§ AIM OF THE TASK
Your result should be the lines holding the word "flooring", copied from the entries below.

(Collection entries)
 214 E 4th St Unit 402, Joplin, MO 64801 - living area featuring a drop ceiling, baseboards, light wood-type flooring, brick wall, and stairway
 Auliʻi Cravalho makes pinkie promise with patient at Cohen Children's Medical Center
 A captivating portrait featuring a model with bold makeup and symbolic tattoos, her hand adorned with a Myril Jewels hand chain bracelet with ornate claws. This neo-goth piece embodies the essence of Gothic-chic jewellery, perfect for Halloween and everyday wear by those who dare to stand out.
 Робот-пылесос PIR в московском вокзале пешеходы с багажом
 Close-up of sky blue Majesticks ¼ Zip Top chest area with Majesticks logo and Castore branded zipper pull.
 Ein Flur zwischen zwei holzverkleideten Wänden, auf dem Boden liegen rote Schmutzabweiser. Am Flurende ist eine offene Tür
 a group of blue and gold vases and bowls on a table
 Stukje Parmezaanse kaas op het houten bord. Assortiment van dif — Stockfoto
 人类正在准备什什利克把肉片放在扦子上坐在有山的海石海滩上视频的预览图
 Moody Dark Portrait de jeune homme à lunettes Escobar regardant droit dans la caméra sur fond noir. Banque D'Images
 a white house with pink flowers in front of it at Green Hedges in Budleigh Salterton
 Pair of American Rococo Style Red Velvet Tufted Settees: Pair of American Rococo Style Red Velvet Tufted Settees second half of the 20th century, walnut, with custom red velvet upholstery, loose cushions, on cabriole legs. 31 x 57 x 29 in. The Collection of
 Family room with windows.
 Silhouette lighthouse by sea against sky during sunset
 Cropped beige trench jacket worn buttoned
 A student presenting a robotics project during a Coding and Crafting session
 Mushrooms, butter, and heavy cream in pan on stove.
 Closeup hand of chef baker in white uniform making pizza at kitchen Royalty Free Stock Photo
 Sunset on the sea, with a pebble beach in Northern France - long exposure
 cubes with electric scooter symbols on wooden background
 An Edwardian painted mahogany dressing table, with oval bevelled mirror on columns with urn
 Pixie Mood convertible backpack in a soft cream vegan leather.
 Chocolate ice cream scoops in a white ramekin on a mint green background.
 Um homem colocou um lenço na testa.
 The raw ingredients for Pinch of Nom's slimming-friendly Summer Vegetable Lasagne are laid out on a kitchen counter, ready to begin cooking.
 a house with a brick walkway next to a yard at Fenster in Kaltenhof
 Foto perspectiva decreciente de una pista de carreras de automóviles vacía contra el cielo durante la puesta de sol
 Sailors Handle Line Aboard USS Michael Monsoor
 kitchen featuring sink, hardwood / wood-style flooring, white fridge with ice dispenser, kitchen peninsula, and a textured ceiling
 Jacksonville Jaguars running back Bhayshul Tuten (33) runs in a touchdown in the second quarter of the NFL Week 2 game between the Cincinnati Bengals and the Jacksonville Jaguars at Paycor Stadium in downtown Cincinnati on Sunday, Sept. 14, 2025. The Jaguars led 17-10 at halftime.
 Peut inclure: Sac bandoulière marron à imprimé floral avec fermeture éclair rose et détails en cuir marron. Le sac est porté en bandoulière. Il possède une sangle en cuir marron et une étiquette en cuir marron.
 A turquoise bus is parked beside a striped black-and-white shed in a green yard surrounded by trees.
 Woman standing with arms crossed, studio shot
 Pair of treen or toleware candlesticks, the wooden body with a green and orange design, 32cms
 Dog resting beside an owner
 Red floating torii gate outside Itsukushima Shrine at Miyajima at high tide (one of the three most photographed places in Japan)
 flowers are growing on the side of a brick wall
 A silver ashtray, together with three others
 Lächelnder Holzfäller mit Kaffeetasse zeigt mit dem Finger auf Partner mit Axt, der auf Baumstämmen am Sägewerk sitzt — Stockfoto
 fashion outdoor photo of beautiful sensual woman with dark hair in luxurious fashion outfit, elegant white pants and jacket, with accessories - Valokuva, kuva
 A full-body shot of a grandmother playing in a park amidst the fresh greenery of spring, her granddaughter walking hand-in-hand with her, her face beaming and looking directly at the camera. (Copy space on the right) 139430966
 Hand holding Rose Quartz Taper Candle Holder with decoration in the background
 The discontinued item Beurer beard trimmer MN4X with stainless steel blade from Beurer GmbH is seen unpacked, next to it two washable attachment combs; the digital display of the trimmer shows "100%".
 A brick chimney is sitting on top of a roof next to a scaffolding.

§ TASK ANSWER
 214 E 4th St Unit 402, Joplin, MO 64801 - living area featuring a drop ceiling, baseboards, light wood-type flooring, brick wall, and stairway
 kitchen featuring sink, hardwood / wood-style flooring, white fridge with ice dispenser, kitchen peninsula, and a textured ceiling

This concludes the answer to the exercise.